YOUR OBJECTIVE: Copy out exactly the stretch below, from the line with "attractive shabby chic" through the line with "A young woman", both included; the pictures stay out.

== Segment start ==

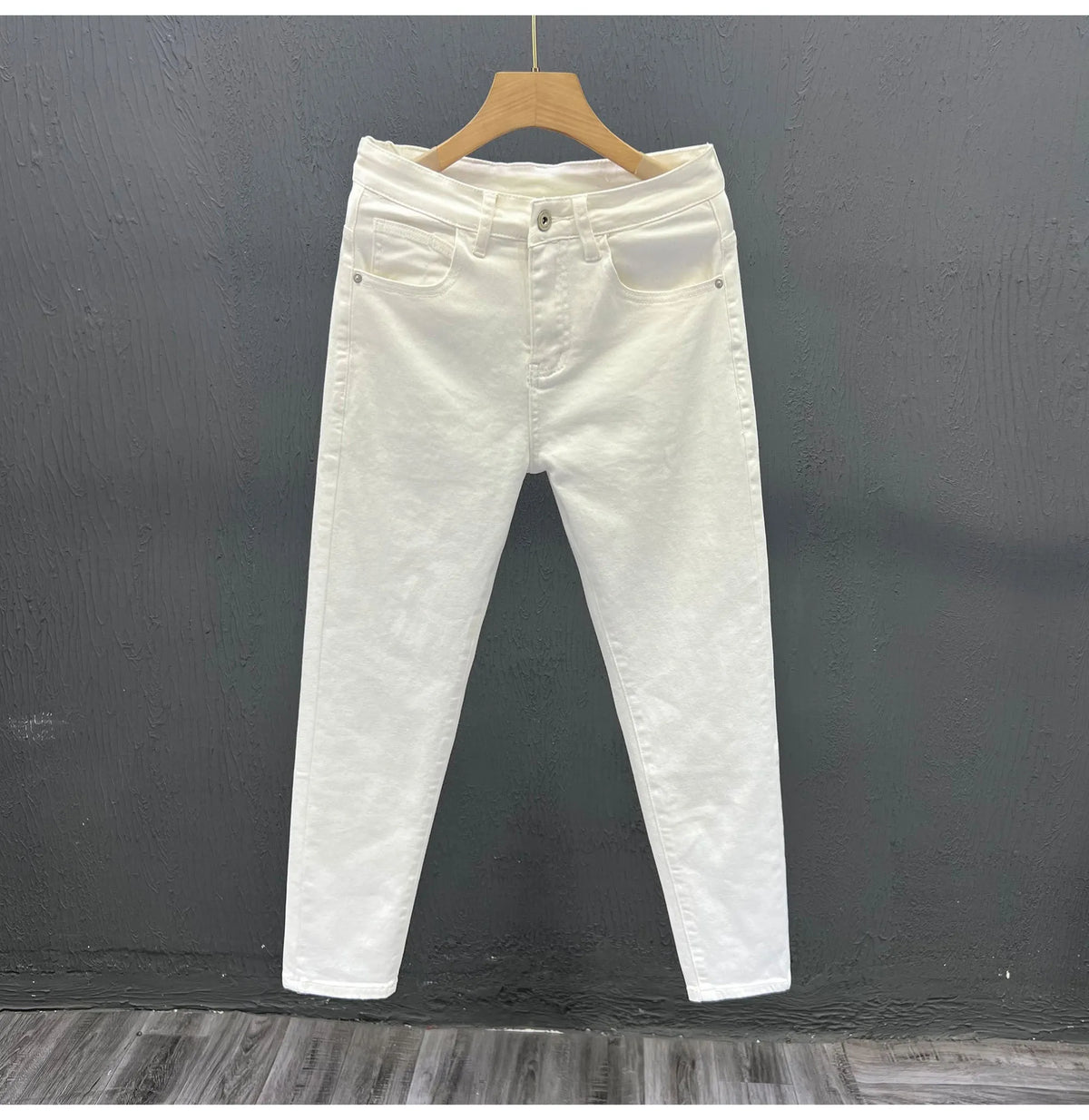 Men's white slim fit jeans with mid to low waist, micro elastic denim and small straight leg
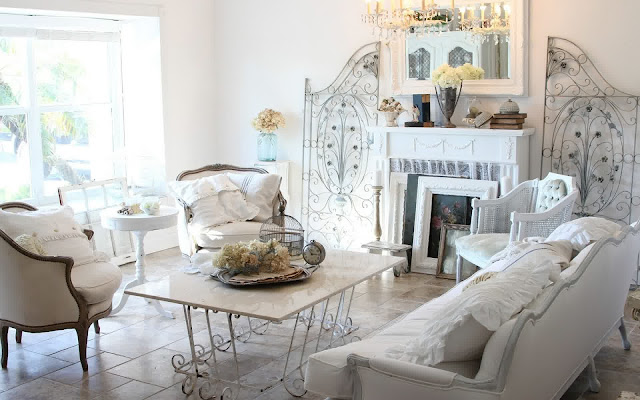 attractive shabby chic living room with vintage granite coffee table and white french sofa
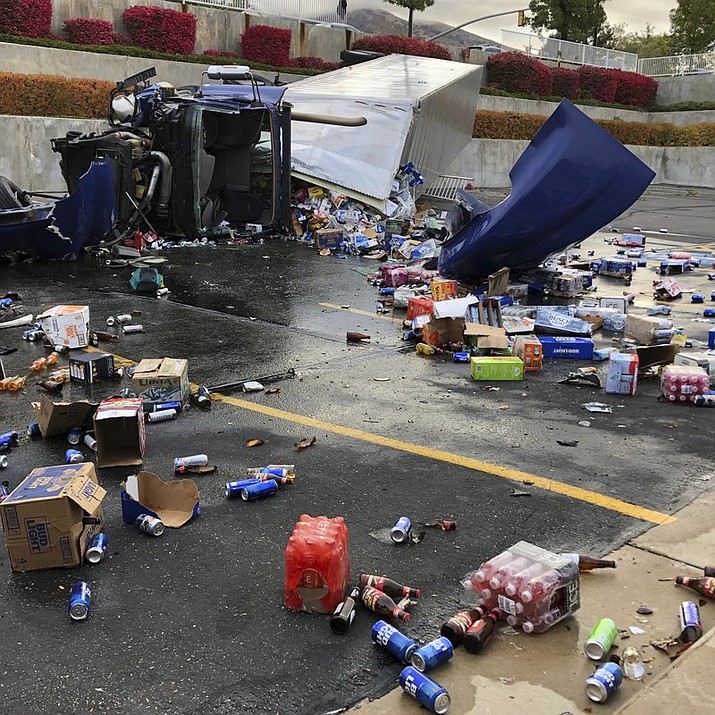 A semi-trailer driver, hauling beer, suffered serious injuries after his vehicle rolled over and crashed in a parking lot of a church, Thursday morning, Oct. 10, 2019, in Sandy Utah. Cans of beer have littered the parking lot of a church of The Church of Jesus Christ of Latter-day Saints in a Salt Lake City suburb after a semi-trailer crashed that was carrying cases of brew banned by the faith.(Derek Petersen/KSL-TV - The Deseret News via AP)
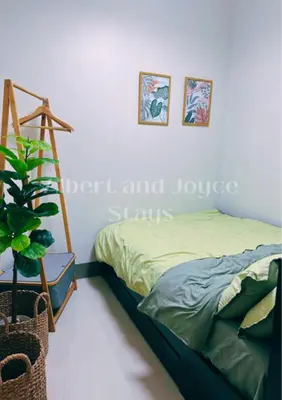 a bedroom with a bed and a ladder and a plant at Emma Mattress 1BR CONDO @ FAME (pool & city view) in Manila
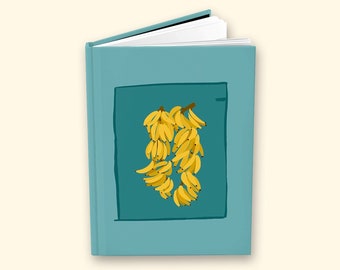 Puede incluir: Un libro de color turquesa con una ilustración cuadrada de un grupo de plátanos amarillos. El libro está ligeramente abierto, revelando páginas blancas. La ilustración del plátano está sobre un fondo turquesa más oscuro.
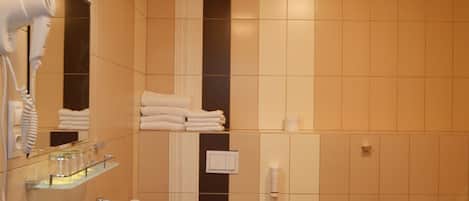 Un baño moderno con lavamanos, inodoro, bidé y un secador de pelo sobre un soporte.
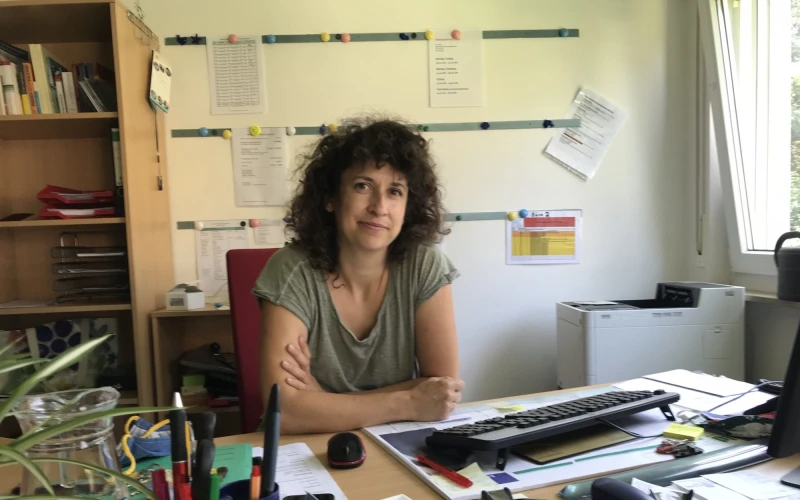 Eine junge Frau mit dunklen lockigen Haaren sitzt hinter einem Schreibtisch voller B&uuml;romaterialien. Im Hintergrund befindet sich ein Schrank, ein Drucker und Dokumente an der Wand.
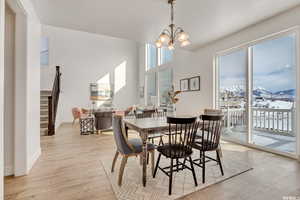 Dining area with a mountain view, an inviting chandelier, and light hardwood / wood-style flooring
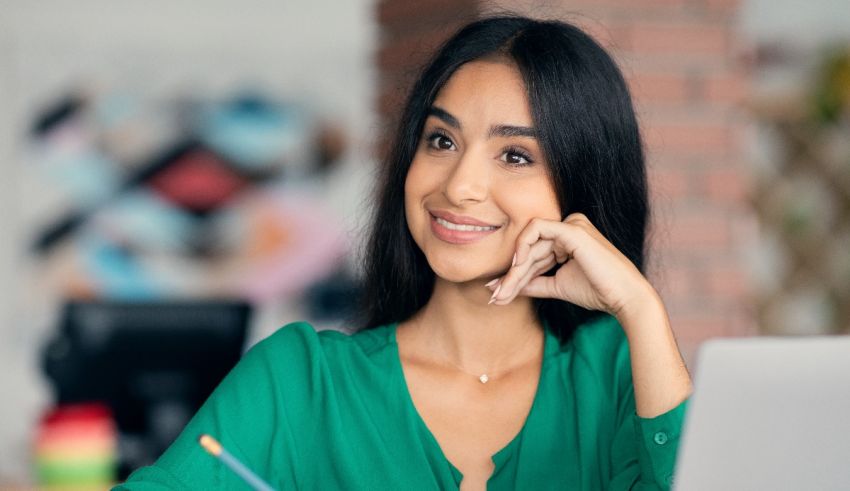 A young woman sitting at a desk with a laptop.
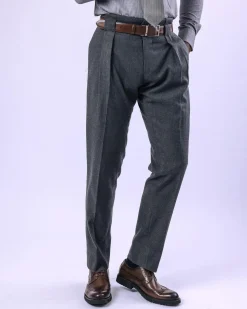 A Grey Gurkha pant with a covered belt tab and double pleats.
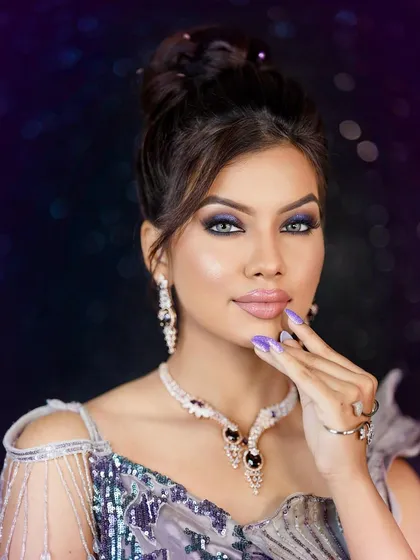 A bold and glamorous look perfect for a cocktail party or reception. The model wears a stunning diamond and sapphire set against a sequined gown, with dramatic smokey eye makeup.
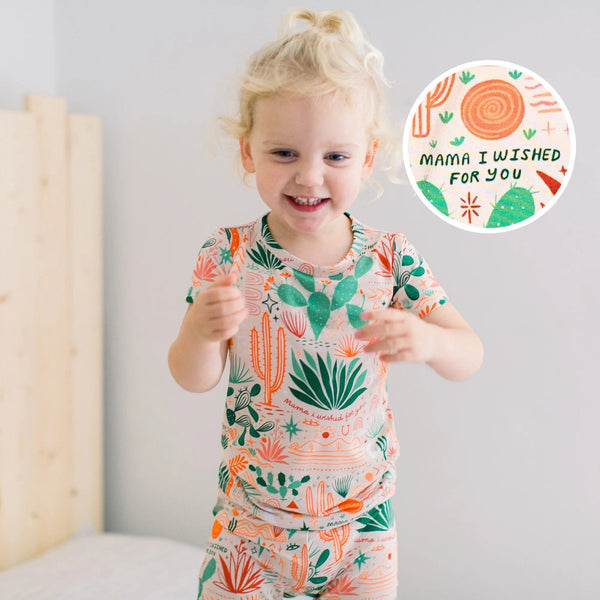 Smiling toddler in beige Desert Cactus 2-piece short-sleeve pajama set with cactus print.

== Segment end ==

TASK RESPONSE:
 attractive shabby chic living room with vintage granite coffee table and white french sofa
 A semi-trailer driver, hauling beer, suffered serious injuries after his vehicle rolled over and crashed in a parking lot of a church, Thursday morning, Oct. 10, 2019, in Sandy Utah. Cans of beer have littered the parking lot of a church of The Church of Jesus Christ of Latter-day Saints in a Salt Lake City suburb after a semi-trailer crashed that was carrying cases of brew banned by the faith.(Derek Petersen/KSL-TV - The Deseret News via AP)
 a bedroom with a bed and a ladder and a plant at Emma Mattress 1BR CONDO @ FAME (pool & city view) in Manila
 Puede incluir: Un libro de color turquesa con una ilustración cuadrada de un grupo de plátanos amarillos. El libro está ligeramente abierto, revelando páginas blancas. La ilustración del plátano está sobre un fondo turquesa más oscuro.
 Un baño moderno con lavamanos, inodoro, bidé y un secador de pelo sobre un soporte.
 Eine junge Frau mit dunklen lockigen Haaren sitzt hinter einem Schreibtisch voller B&uuml;romaterialien. Im Hintergrund befindet sich ein Schrank, ein Drucker und Dokumente an der Wand.
 Dining area with a mountain view, an inviting chandelier, and light hardwood / wood-style flooring
 A young woman sitting at a desk with a laptop.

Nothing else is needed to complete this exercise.